Una cuadra solamente. Una cuadra, y volteé de nuevo porque las chanclas ya no se escuchaban a mi espalda, y frente a mí estaba ella, Adelaida, con sus ojos desorbitados, intentando mirarme, acercándose más y más. Y le grité, señor Emiliano, le grité. “¡¿Qué quieres?!”, o al menos pensé que lo hice. Y ella se quedó parada, a menos de dos metros de mí, mirándome, y me extendió la mano. Y de pronto no era Adelaida, era la chica del 22B, diciéndome que la ayudara a bajar el papalote de su hermanito del árbol de enfrente, y ya no era de noche ni era mi cuadra, sino medio día en el fraccionamiento. Pero tenía que ser un engaño. ¿Qué se proponía? ¿Qué quería de mí? Me hice para atrás y se desvaneció su ilusión, y con un último par de claks se acercó hasta que dejó su mano desnuda con todos sus huesos rotos, fría y gris, sobre mi mejilla. Aquí. Dejó su marca, ¿ve? Aquí en mi cara. Y sonrió, señor, sonrió con esa sonrisa de ultratumba que sólo los muertos y los que van a morir tienen, y que recordaré hasta que me toque a mí portarla. No me dijo nada, pero yo sabía lo que quería transmitirme. Caí sobre el pavimento, justo en frente de mi casa.

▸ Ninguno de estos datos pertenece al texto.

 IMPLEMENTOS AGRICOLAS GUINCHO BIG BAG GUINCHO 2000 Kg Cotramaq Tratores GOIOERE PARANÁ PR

Respirando con dificultad me levanté, pálido, y caminé hasta la casa del Trompas. O al menos pensé que le grité, pero de mi garganta seca no salían más que gemidos. El Trompas me dijo que escuchó mi lamento y salió a ver qué pasaba. Y yo no hablaba y sólo decía “Adelaida. Adelaida”. Hasta que con el té que me dio doña Magda me tranquilicé un poco y hablé.

Creo que el papalote era una invitación. De haber ido por él, habría muerto. Pero no lo hice, y Adelaida entendió que aún no era mi turno. Creo. Y ahora ando al pendiente, todo el tiempo, la paranoia, el clak, clak, clak. No he querido regresar a trabajar porque me atemoriza toparme con la chica del 22B, descubrir que es en realidad Adelaida y que todo ha sido parte de la misma fantasía. Que me despertaré de nuevo frente a mi casa, incapaz de hablar y con el corazón en la garganta. ¿Habrá ido Adelaida a buscar a los demás del barrio de mi niñez? ¿Seré yo el único?

Ahora dígame, señor Emiliano, ¿qué piensa? ¿Es eso la vida, una fantasía antes de la muerte, del silencio, de la nada?

No sé qué signifique esto para mí. Prefiero no interpretar los presagios arbitrariamente, y sacar conclusiones sencillas que tengan sentido, al menos para mí.

La muerte, señor Emiliano, viste de rosa. Para mí. Esa es la imagen de mi muerte, el color que me presagiará todo lo final. Pero también puede venir de azul, o de verde o de amarillo, o del color que represente para usted la muerte. Puede que no tenga forma y sólo sea olvido.

En fin. Esa es mi historia. Le agradezco mucho que se haya animado a escucharme, y que le interese poner mi historia en papel, espero que haya cumplido con sus expectativas. Si algún día aparece en un libro, no deje de mandármelo. Por mi parte, intentaré seguir viviendo. Le pasaré sus saludos al Trompas, y que tenga buen día.